◆ **RECORDED DATA**:

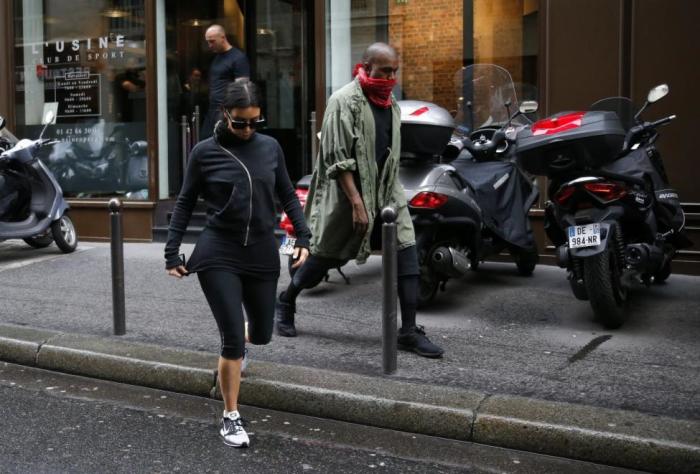 Hollywood stars like Kim Kardashian (seen here with her husband Kanye West) are often photographed wearing leggings in public
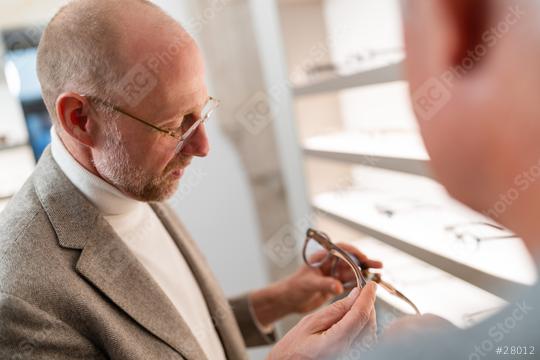 Optician showing eyeglasses to elderly client in optical store
.  : Stock Photo or Stock Video Download rcfotostock photos, images and assets rcfotostock | RC Photo Stock.:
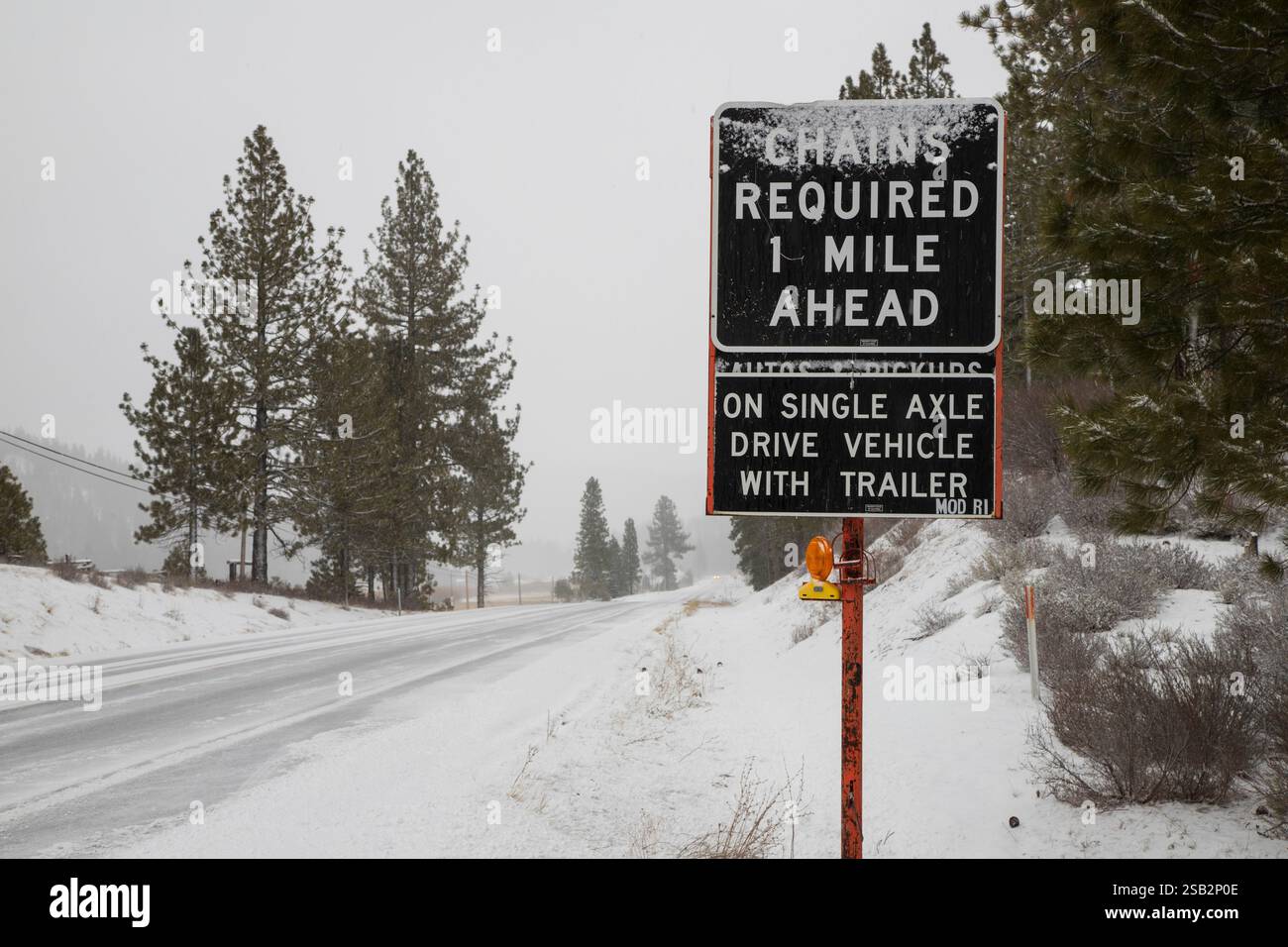 Ketten für alle einachsigen Fahrzeuge beim Ziehen erforderlich – Lassen County, Kalifornien. Winterliches Verkehrssicherheitsschild bei schneebedeckten Bedingungen. Stockfoto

◆ **TASK DESCRIPTION**: Your job is to repeat the data exactly, leaving each picture out.

◆ **SOLUTION TO THIS EXERCISE**:
 Hollywood stars like Kim Kardashian (seen here with her husband Kanye West) are often photographed wearing leggings in public
 Optician showing eyeglasses to elderly client in optical store
.  : Stock Photo or Stock Video Download rcfotostock photos, images and assets rcfotostock | RC Photo Stock.:
 Ketten für alle einachsigen Fahrzeuge beim Ziehen erforderlich – Lassen County, Kalifornien. Winterliches Verkehrssicherheitsschild bei schneebedeckten Bedingungen. Stockfoto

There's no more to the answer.